Data Breach

Personal Data of 458,388 Delhi Citizens Exposed Online from an Unprotected Database

A database that contains highly sensitive information of about 458,388 individuals located in Delhi exposed for public access without any password protection.

Security researcher Bob Diachenko discovered the publically exposed database name “GNCTD” that indexed by Shodan.

The 4.1GB-sized MongoDB belongs to Government of National Capital Territory of Delhi and by analyzing contents Bob Diachenko concluded the database belongs to company named Transerve and it incluudes the following.

  • EB* Registers
  • EB Users (14,861)
  • Households (102,863)
  • Individuals (458,388)
  • Registered Users (399)
  • Users (2,983)

The database contains the registered users of transerve with the Email addressed @transerve.com including the email address that has the admin level permissions with the hashed passwords.

Database contains two collections that has a detailed information about the individuals.

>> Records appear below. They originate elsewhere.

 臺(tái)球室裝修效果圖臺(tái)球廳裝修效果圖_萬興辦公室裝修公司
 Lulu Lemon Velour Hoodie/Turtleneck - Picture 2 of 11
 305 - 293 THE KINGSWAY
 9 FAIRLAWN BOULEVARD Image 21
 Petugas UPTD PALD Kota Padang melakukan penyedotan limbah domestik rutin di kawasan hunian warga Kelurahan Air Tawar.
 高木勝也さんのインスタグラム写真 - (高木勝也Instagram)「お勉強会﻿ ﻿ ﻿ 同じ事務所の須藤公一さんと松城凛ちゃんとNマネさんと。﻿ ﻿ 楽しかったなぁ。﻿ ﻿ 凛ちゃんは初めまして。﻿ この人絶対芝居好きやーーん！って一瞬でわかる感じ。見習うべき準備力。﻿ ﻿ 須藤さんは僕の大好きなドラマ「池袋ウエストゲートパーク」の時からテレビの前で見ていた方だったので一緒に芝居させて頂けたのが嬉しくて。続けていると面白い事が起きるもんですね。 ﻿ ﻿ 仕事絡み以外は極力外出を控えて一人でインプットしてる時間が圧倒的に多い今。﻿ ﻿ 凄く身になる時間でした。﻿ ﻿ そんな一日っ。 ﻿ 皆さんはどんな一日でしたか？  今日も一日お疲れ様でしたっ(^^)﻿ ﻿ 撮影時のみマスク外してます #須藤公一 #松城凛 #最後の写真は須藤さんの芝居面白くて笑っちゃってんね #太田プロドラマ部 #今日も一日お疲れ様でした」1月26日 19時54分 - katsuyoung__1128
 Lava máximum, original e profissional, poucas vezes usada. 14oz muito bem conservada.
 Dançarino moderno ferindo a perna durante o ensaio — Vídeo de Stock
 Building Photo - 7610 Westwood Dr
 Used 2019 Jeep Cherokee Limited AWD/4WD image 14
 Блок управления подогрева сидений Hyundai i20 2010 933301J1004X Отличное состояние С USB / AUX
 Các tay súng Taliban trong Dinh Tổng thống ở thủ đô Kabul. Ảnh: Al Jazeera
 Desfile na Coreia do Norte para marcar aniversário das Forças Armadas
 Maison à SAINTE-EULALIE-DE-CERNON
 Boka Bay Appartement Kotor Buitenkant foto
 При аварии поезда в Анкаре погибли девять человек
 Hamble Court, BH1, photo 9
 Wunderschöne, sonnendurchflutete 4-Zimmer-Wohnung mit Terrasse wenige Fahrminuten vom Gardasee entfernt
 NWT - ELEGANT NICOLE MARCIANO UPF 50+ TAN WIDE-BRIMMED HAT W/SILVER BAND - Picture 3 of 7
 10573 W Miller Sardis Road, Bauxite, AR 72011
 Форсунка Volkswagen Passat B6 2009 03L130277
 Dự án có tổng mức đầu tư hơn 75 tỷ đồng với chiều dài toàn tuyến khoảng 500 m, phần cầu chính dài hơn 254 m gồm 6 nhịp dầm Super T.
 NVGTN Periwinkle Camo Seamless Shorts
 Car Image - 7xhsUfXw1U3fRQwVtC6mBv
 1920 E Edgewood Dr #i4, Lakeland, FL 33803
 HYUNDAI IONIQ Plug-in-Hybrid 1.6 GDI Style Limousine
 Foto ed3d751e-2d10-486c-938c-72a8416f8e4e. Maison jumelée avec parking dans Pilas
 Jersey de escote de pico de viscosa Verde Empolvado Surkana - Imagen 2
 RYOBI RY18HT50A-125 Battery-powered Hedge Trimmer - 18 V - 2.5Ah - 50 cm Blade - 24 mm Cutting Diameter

Individuals Collection details about a person that includes Aadhaar numbers, voter card numbers, health conditions, education, etc.

Households collection includes fields such as name’, ‘house no’, ‘floor number’, ‘geolocation’, area details, ’email_ID’ of a supervisor, ‘is the household cooperating for survey’ field, ‘type of latrine’, ‘functional water meter’, ‘ration card number’, ‘internet facility available’ and even ‘informan name’ field.

Bob Diachenko contacted Transerve and there is no response, then he contacted CERT India and then the databse has been secured and taken offline.

We cannot say for sure that this database is connected to GNCTD, but that is highly likely based on the evidence, it remains unknown for how long the database is online without the password.

The exposed data could be a stepping stone for attackers to launch a high profile attack targeting the indivicuals.

MongoDB published a security checklist that provides a list of security measures that server administrators should implement to protect your MongoDB installation.